Streit um Tourismusabgabe in Husum
Bürgermeister verteidigt Transparenz – Gericht bestätigt Rechtmäßigkeit der Abgabe
Die Diskussion um die Tourismusabgabe sorgt in Husum aktuell für Unruhe. Einzelne Mitglieder des Hotel- und Gaststättenverbands DEHOGA kritisieren eine angeblich fehlende Transparenz der Stadtverwaltung. Insbesondere in den Betrieben der Kreisstadt führt dies zu Verunsicherung und einer angespannten Stimmung.
Stadtverwaltung bezieht klar Stellung
Bürgermeister Martin Kindl nimmt die Vorwürfe sehr ernst und weist sie entschieden zurück. „Ich weise den Vorwurf der mangelnden Transparenz ausdrücklich mit aller Deutlichkeit zurück“, betont Kindl. Seinen Angaben nach können alle Interessierten mit einer einfachen Online-Recherche sämtliche relevanten Informationen zur Tourismusabgabe einsehen. Das Angebot umfasst öffentlich zugängliche Auskünfte, die laut Kindl den erhobenen Vorwurf klar widerlegen.
Wohin fließt die Tourismusabgabe?
Die Stadt Husum stellt klar, dass sich die Einnahmen aus der Tourismusabgabe in Millionenhöhe gezielt zur Förderung des Tourismus einsetzen lassen. Bürgermeister Kindl betont, dass insgesamt ein Vielfaches der Einnahmen wieder direkt in touristische Projekte und die Förderung der Branche zurückfließt. So werden allein im laufenden Jahr für touristische Zwecke rund drei Millionen Euro aufgewendet, hinzu kommen 160.000 Euro für das Stadtmarketing.
Rechtliche Grundlage und Kontrolle
Die Tourismusabgabe basiert auf § 10 des kommunalen Abgabengesetzes des Landes Schleswig-Holstein. Nach Angaben der Stadt wird jährlich eine separate Abrechnung erstellt, die vom Rechnungsprüfungsamt geprüft, im Stadtverordnetenkollegium beraten und beschlossen wird. Die letzten Beschlüsse hierzu sind öffentlich einsehbar.

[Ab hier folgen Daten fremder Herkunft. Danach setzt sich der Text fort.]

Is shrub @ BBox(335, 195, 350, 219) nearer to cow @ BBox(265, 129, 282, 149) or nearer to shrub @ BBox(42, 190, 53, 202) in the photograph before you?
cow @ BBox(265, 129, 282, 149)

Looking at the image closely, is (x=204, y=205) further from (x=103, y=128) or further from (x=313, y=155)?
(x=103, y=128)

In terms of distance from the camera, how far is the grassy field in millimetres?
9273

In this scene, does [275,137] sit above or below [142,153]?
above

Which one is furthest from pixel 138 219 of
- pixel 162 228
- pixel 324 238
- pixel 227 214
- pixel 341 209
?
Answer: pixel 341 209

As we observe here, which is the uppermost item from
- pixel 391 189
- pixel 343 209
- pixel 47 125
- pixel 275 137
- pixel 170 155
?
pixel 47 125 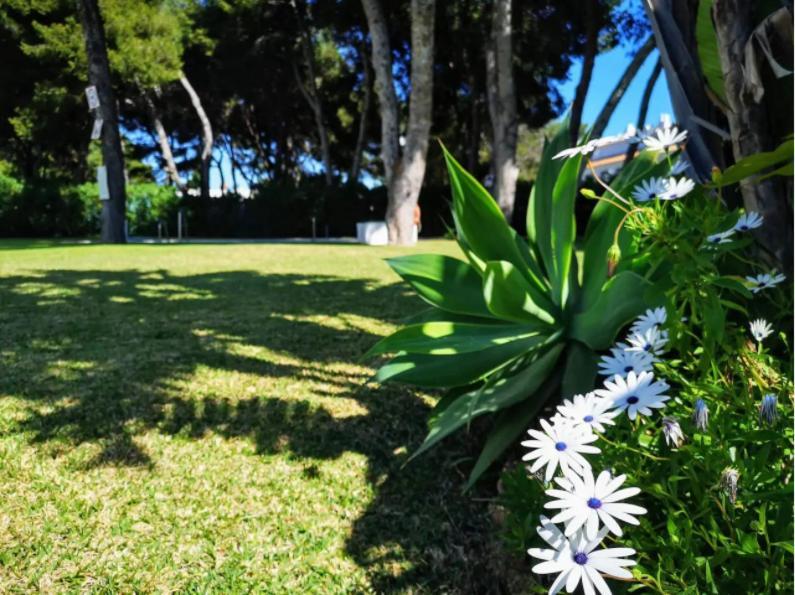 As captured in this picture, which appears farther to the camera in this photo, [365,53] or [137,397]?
[365,53]

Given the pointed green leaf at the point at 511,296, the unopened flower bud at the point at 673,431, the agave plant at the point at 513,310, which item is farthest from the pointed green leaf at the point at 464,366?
the unopened flower bud at the point at 673,431

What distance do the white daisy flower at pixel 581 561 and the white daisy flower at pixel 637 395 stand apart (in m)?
0.27

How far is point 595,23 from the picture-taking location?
15844 millimetres

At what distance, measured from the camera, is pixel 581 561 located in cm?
92

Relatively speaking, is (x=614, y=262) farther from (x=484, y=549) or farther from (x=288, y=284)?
(x=288, y=284)

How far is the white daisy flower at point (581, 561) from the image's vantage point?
0.89 m

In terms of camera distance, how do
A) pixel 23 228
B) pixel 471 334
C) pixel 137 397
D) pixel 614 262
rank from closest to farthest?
pixel 614 262
pixel 471 334
pixel 137 397
pixel 23 228

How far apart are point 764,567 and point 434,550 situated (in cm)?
115

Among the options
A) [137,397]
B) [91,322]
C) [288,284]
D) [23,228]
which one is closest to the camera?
[137,397]

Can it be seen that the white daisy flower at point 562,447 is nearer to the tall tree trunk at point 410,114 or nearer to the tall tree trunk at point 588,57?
the tall tree trunk at point 410,114

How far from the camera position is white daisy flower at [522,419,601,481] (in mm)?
971

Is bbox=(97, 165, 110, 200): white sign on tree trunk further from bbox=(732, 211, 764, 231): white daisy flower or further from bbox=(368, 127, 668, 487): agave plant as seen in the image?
bbox=(732, 211, 764, 231): white daisy flower

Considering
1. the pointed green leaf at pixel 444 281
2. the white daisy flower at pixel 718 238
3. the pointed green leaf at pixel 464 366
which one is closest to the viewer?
the white daisy flower at pixel 718 238

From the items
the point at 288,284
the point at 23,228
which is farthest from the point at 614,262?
the point at 23,228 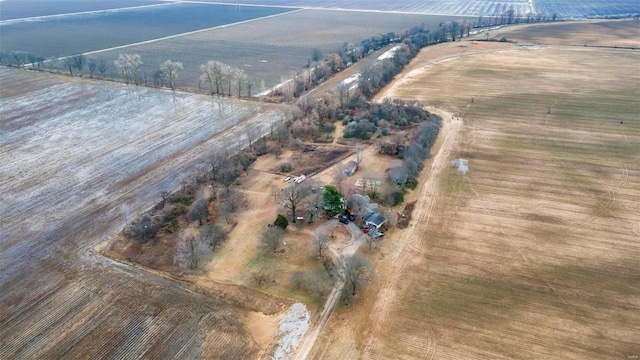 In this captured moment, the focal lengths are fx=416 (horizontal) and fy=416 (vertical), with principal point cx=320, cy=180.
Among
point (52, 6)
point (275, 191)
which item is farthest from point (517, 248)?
point (52, 6)

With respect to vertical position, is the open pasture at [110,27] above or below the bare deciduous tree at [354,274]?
above

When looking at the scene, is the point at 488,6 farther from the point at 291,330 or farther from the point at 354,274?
the point at 291,330

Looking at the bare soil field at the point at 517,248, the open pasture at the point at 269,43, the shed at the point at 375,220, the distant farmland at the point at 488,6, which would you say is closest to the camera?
the bare soil field at the point at 517,248

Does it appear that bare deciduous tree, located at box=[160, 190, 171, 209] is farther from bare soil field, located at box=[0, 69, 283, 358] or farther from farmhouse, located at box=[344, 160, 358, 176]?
farmhouse, located at box=[344, 160, 358, 176]

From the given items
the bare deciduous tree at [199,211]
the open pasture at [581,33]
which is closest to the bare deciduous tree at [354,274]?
the bare deciduous tree at [199,211]

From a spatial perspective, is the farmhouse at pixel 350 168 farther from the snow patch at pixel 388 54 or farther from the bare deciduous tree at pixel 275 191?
the snow patch at pixel 388 54

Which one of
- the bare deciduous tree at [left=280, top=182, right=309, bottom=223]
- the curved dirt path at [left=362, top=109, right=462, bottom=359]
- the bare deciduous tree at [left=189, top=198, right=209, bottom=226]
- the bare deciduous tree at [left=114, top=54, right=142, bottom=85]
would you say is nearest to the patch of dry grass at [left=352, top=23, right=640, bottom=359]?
the curved dirt path at [left=362, top=109, right=462, bottom=359]

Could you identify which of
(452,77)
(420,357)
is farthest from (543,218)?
(452,77) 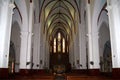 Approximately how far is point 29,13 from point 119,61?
928 centimetres

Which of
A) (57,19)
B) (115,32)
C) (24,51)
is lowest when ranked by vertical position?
(24,51)

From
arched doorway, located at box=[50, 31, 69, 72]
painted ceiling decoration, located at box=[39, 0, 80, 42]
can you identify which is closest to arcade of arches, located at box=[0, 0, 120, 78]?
painted ceiling decoration, located at box=[39, 0, 80, 42]

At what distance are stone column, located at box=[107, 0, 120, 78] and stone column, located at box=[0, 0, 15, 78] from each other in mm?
5739

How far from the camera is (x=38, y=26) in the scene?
18984 mm

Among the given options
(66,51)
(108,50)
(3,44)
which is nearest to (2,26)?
(3,44)

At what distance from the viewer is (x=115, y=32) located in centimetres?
861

Sitzungsunterlagen Stadt Husumhttps://www.husum.de
Planungen für die kommenden Jahre
Die gezielte Mittelverwendung soll die touristische Infrastruktur stärken und den Tourismusbetrieben zugutekommen.
Abgabepflicht und Herausforderungen
Tourismusbetriebe in Husum sind gesetzlich verpflichtet, jährlich eine Umsatzangabe zur Berechnung der Abgabe zu machen. Allerdings erfüllen weniger als ein Drittel der Betriebe diese Pflicht. In solchen Fällen schätzt die Verwaltung den Umsatz, was Rückfragen, Widersprüche oder auch gerichtliche Verfahren nach sich ziehen kann.

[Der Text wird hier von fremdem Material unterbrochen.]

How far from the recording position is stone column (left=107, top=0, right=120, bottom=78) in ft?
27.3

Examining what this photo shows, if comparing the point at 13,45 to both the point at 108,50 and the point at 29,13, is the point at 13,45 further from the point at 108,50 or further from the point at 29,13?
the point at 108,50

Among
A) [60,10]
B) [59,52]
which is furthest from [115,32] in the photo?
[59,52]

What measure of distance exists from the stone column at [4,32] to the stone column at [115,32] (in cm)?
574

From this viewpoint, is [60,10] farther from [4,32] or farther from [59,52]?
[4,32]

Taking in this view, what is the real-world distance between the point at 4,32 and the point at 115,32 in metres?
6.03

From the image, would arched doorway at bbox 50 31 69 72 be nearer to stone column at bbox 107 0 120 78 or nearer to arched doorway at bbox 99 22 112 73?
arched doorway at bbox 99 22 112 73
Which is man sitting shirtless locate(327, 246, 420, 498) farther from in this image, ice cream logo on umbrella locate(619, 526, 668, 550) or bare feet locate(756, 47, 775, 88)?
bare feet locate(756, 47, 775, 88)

Gericht bestätigt städtisches Vorgehen
Ein aktuelles Urteil des Verwaltungsgerichts Schleswig bestätigt das Vorgehen der Stadtverwaltung Husum. Ein Gastronom hatte geklagt und behauptet, er habe während der Corona-Jahre als einziger die Tourismusabgabe entrichten müssen. Das Gericht wies die Klage weitgehend ab und stellte fest, dass die Verwaltung ordnungsgemäß entlastet hat: Für 2019 und 2020 wurde keine Tourismusabgabe erhoben, die Wiederaufnahme des Verfahrens hält das Gericht für zulässig.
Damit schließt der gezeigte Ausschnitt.